TASK OBJECTIVE: Omitting any pictures, transcribe the entries below exactly.

SUPPLIED RECORDS:
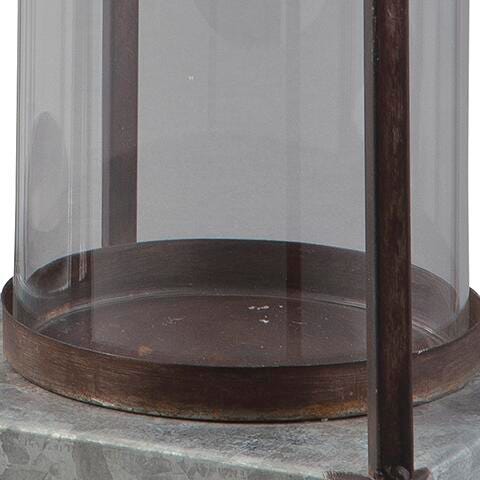 Five Star Furniture - Diedrick Lantern (Set of 2)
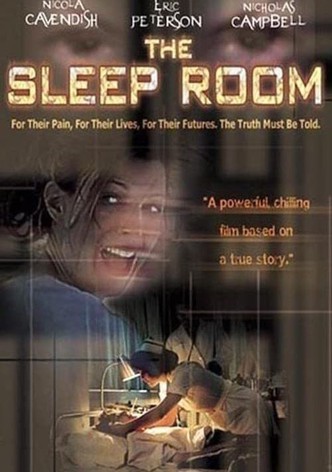 The Sleep Room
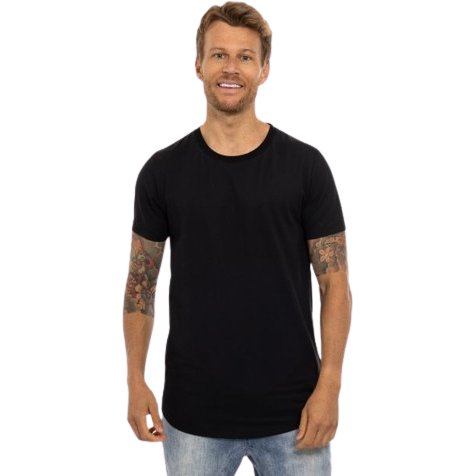 TEAMLTD NotSoBasic Tee (Closeout)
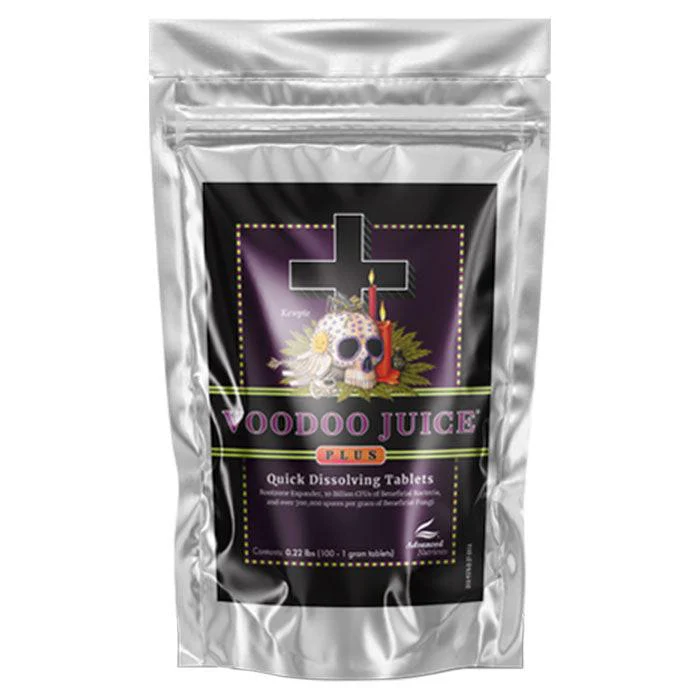 Advanced Nutrients Voodoo Juice Plus - Image 2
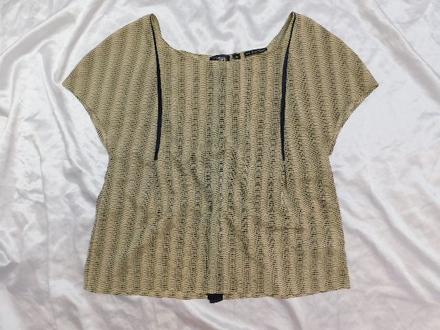Luxusna bluzka, 42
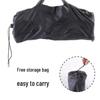 OIMG Portable Outdoor Folding Stool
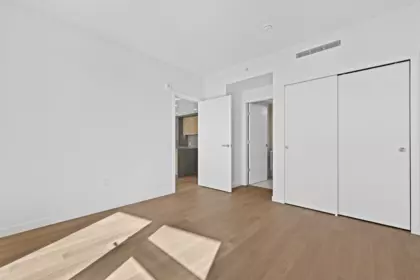Hallway Photo of 602 3963 Uplands Way, West Vancouver, BC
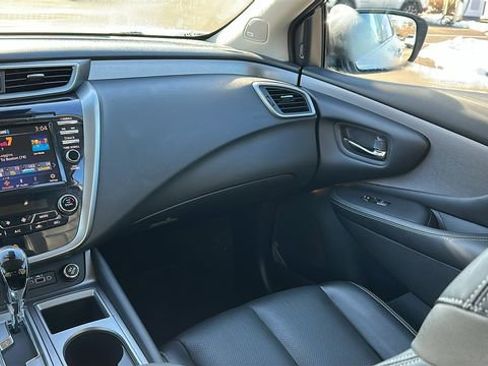 Certified 2023 Nissan Murano SL w/ Cargo Package image 25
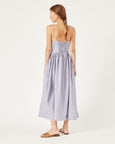 robe en lin CELIA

RESULT OF THE TASK:
 Five Star Furniture - Diedrick Lantern (Set of 2)
 The Sleep Room
 TEAMLTD NotSoBasic Tee (Closeout)
 Advanced Nutrients Voodoo Juice Plus - Image 2
Luxusna bluzka, 42
 OIMG Portable Outdoor Folding Stool
Hallway Photo of 602 3963 Uplands Way, West Vancouver, BC
 Certified 2023 Nissan Murano SL w/ Cargo Package image 25
 robe en lin CELIA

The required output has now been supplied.